The Kappa Alpha Psi fraternity’s university chapter has been suspended until spring 2015 because of low grade point averages, a university official said.
Andy Morgan, director of Greek Life, said the fraternity was not meeting university Greek standards. Kappa Alpha Psi’s Registered Student Organization status has been suspended, and the fraternity is not allowed to recruit new members, Morgan said. However, he said members are still eligible to be national fraternity participants.
“(The fraternity) was put on probation, and they were given some sanctions,” Morgan said. “They just didn’t follow them.”
The university requires Greek students to maintain a 2.5 semester GPA, he said, and the sorority or fraternity is required to put together a plan to raise members’ grades if the group’s GPA falls below that standard.
A hearing is held if the group’s GPA remains low a second semester, Morgan said. The organization is then required to follow a schedule to fix problems. Fraternities and sororities are not required to follow plans unless they have sanctions levied against them, he said, but many choose to follow plans anyway.
“Other chapters we put on academic probation, they did those sanctions,” Morgan said. “They saw their grades go up.”
Morgan said new Kappa Alpha Psi members are required to have at least a 2.7 GPA because of the sanctions, but the average GPA of all new members dropped to a 1.97 after members were recruited.
The last seven incoming classes dropped below the 2.5 required GPA after fraternity intake, which is the time when new members become full-fledged ones, he said.

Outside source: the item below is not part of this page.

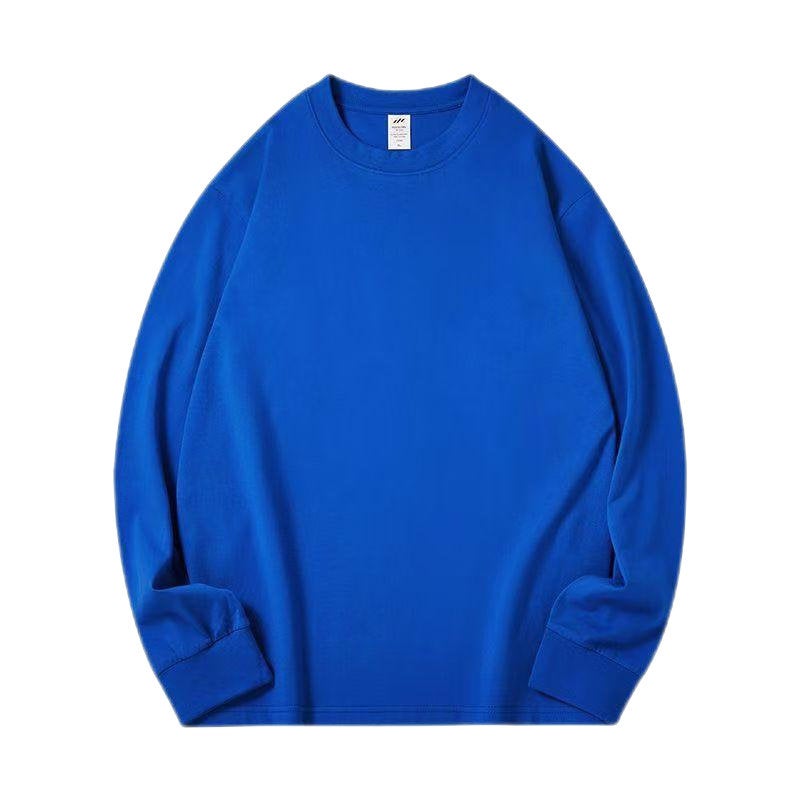 400G heavyweight Xinjiang cotton white pure cotton long-sleeved T-shirt for men and women, autumn and winter inner wear loose casual base shirt - Image 3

“We’ve done everything we could have, encouraging them to do better academically,” Morgan said. “They just chose not to do it.”
Cordaro McKee, Kappa Alpha Psi president, said he understood why the fraternity was suspended, but he believes the suspension also had to do with a bias against Player’s Ball, the fraternity’s annual event.
“I feel like the suspension happened to get rid of the Player’s Ball,” he said. “With all the trouble that’s been happening within the university, the school needs someone to point a finger at.”
McKee said the media only covered Player’s Ball’s downsides last year but did not mention the money the event raised. He said the university also donated water for last year’s Polar Bear but did not help the Player’s Ball, which is a university event.
“You know there’s going to be people coming from all over drinking,” he said. “How come we don’t get tents of water and pizza to help solve those problems?”
McKee said the fraternity won the 2010 Most Improved Chapter award.
“I feel like the suspension until 2015 is very harsh,” he said. “I believe that suspension was made because of the Player’s Ball.”
The fraternity did not uphold everything it was asked to, he said, so he believed the suspension was needed.
One fraternity requirement is to submit paperwork in a timely manner, something Morgan and the fraternity had previous issues with, said Derrick Williams, Black Men’s Initiative head and National Pan-Hellenic Council adviser.
“Mainly, the sanctions and infractions came in previous semesters,” Williams said. “That’s my understanding.”
He said the fraternity members told him they had no excuse for not following sanctions, but younger members believed they were being punished because of older members’ actions.
“(New members) were making a case for, ‘We should be judged on our own merits,’ but that history follows them,” Williams said.
He said he wants to extend a helping hand to the students.
“(New members) have been receptive to working with me,” Williams said. “We’ve had these conversations, and I’m very optimistic about the younger guys and where they want to take this organization.”
While he stands firm behind the fraternity’s academic issues. Williams said he does see younger members’ desire to make organizational changes. He said Kappas have a rich legacy that he wants to maintain.
Morgan said some members lost sight of why they were allowed to join the fraternity.
“What allowed them to join the fraternity is being a student at SIU,” Morgan said. “They have a higher standard than the average student. They did not want to live up to that academic standard.”
Morgan said the fraternity completed an average of 4.9 community service hours per member last spring, with a total of 83.5 hours, and donated nothing to philanthropy.
The fraternity Omega Delta Phi was suspended last spring because of a poor GPA average, but the group completed the sanctions it was handed, he said. However, the fraternity did not improve its grades and will serve a year’s suspension, Morgan said.
Kappa Alpha Psi is a strong national fraternity, but the suspension demonstrates grade importance, said Jesse Cler, president of the Inter-Greek Council and a junior from Penfield studying agribusiness and plant and soil sciences.
“(The suspension) is something that we use (within the) Greek community as an example to show how important academics are to us,” Cler said. “It’s something we learn from.”
He said fraternity members should work together to fix issues.
“The best thing that they can do now is stick together,” he said. “Keep the interest going and work hard so that when they want to come back when the suspension is over, they can be in good standing and learn from it.”